THE BLOG

Jordanians demanding transparent discussions on nuclear plans

Heated discussions today in Jordan are not about political reform or media policy, but about an issue that is even more relevant to every citizen: the nuclear energy programme.
A debate held last Saturday at the Parliament by Radio Al Balad revealed some of the deep-seated emotions on both sides of the argument.
A saner roadmap to reaching agreement on what is best for Jordan is needed. Perhaps one place to go to for such advice is Sweden, a country of nine million which has a nuclear programme.
I asked for advise to the Swedish Minister for International Development Cooperation Hillevi Engström on a visit to Jordan.
Her answer could be a good basis for what the discussions in Jordan should focus on. Engström noted that the issue of nuclear energy is very complicated and that in order to take the right decisions, it is important to have a comprehensive discussion on it.
She also noted that her government vowed not to add any new reactors but to work hard on improving existing reactors to ensure safety and security.
The Swedish minister also expressed the need to follow a parallel policy of encouraging clean alternative energy solutions.
If one takes this advice to the Jordanian scene, one finds some huge holes in how Jordan, especially its Nuclear Atomic Energy Commission, and its director Khaled Toukan are conducting themselves.
Since the nuclear issue is complicated and difficult, and requires much discussion, it is incumbent upon the commission to be actively involved in all discussions and to make available to all who care all issues of concern that will allow for a well-informed decision by the public and sanctioned by the public's representatives, the parliamentarians. Toukan has refused to debate or nominate any of his staff to discuss the issue leaving his talks only to the government controlled Jordan TV.
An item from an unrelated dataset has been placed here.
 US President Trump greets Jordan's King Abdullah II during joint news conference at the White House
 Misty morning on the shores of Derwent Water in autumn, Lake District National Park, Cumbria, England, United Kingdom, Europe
MP Hind Al Fayyez, who is strongly opposed to the Jordanian nuclear programme, insisted at the debate in Parliament that MPs did not receive a single document about the government's nuclear plans.
The last time the issue was discussed was during the 16th Parliament and the energy committee at the time rejected the idea.
Of special importance to Fayyez and others is the absence of an environmental impact study, an economic assessment and the entire mystery regarding the presence of uranium in Jordan.
Jordan had signed a mining agreement with a French company, Areva, which the government recently withdrew from.
Speaker of Parliament Atef Tarwneh was quoted as saying that the reason Jordan withdrew its contract was because the quantity and quality of uranium was not as initially expected.
This is important because one of the main reasons Jordan wanted to enrich uranium (rather than bring in enriched uranium as the Americans advised) was sovereignty, but also because of the presence of large amounts of uranium in the country.
Some argued that there are unknown reasons for ending the mining contract and that in fact a Jordanian company has asked for a licence to mine for uranium.
Another issue that left the public guessing is why Jordan shifted the nuclear plant from Aqaba, where there would have been plentiful water from the Red Sea to cool the reactors, and in the process, water could have been desalinized for drinking and agricultural use.
Some say it was shifted to the north because of pressure from Israel, others due to fear of a possible earthquake, as Aqaba lied on the Dead Sea-Red Sea fault line.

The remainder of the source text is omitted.